The Catholic Primary Schools Management Association (CPSMA) has distanced itself from suggestions that it supports a programme aimed at 11 and 12 year olds which endorses the view that children can change sex.
A pilot programme entitled ‘Altogether Now!’, currently being tested in some primary schools, describes itself as “supported by” an advisory group whose members include the CPSMA and the Church of Ireland Board of Education.
The programme, billed as “a pilot educational awareness programme on homophobic and transphobic bullying in primary schools” is funded by the Department of Education and Skills and is a partnership between St Patrick’s College and BeLonG To Youth Services, which supports lesbian, gay, bisexual and transgender young people.

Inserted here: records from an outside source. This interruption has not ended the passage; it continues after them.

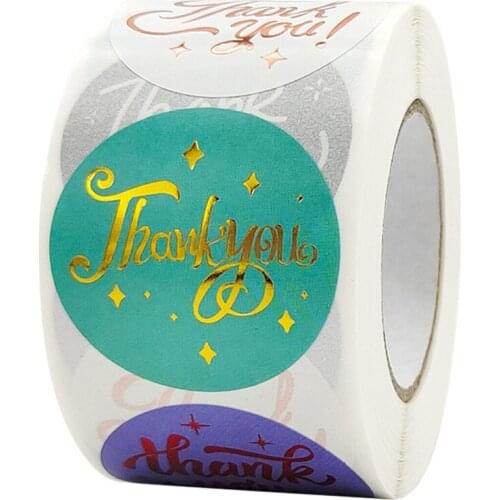 500pcs 1.5inch brozing thank you stickers sealing labels self adheaive paper sticker gift wrapping supplies decorations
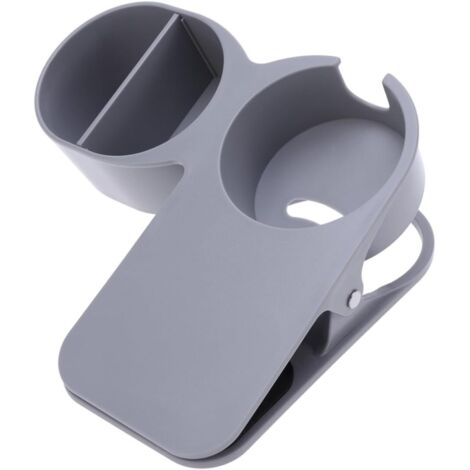Sollbry Support de tasse à café avec clip pour le bureau - Support pour bouteille d'eau ou de café - Soucoupe - Gadget de rangement pour la maison - Gris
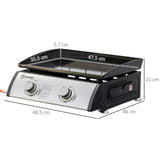 easycomfort easycomfort piastra barbecue a gas da tavolo con 2 bruciatori e potenza 6kw 48 5x46x21cm nero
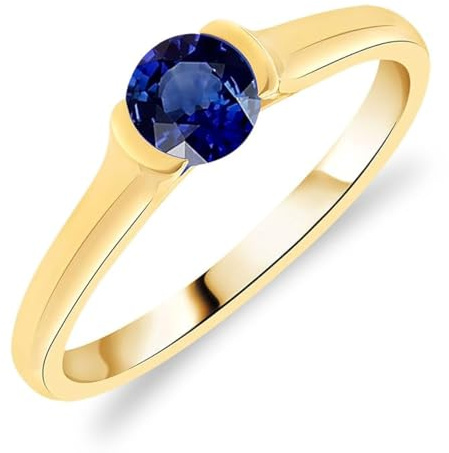 Bague Solitaire pour Femme en Or Jaune 375/1000 sertie Saphir naturel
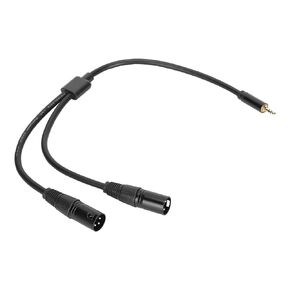 Dual Male XLR to 3.5mm Y-Splitter Cable, XLR Male to 1/8 Inch Mini Jack Stereo Aux Interconnect Audio Microphone Connection Cord - 1.6 Feet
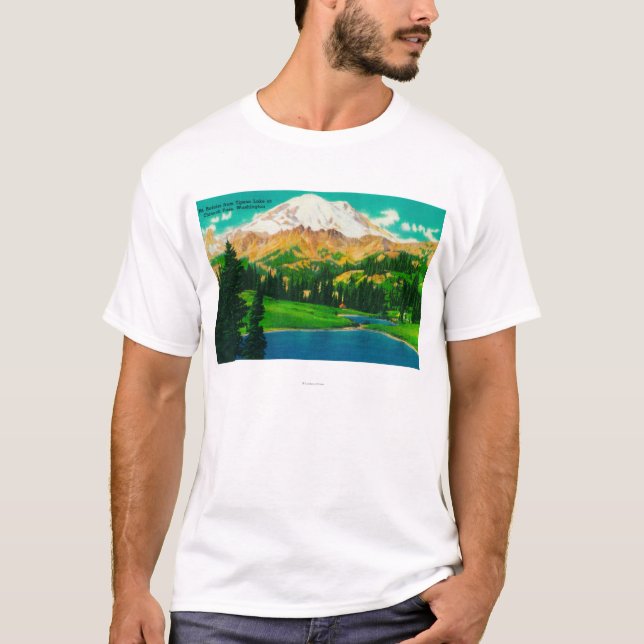 Mt. Rainier från Tipsoo Sjö vid Chinook Pass Tee Shirt (Framsida)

The programme accepts that people can change their ‘gender’, or be born into the ‘wrong gender’, a view that is against Catholic teaching.
Programme
A spokesman for the CPSMA told The Irish Catholic that while “all forms of bullying were inappropriate in a Catholic school”, the organisation “haven’t endorsed any one particular programme”.
Nothing should be inferred from the presence of a CPSMA representative on an advisory committee, the spokesman said.
‘All Together Now’ documents define a transgender individual as “a person who was labelled as a boy or a girl when they were born but deep inside they feel they are a different gender and they want to live their life as that preferred gender”.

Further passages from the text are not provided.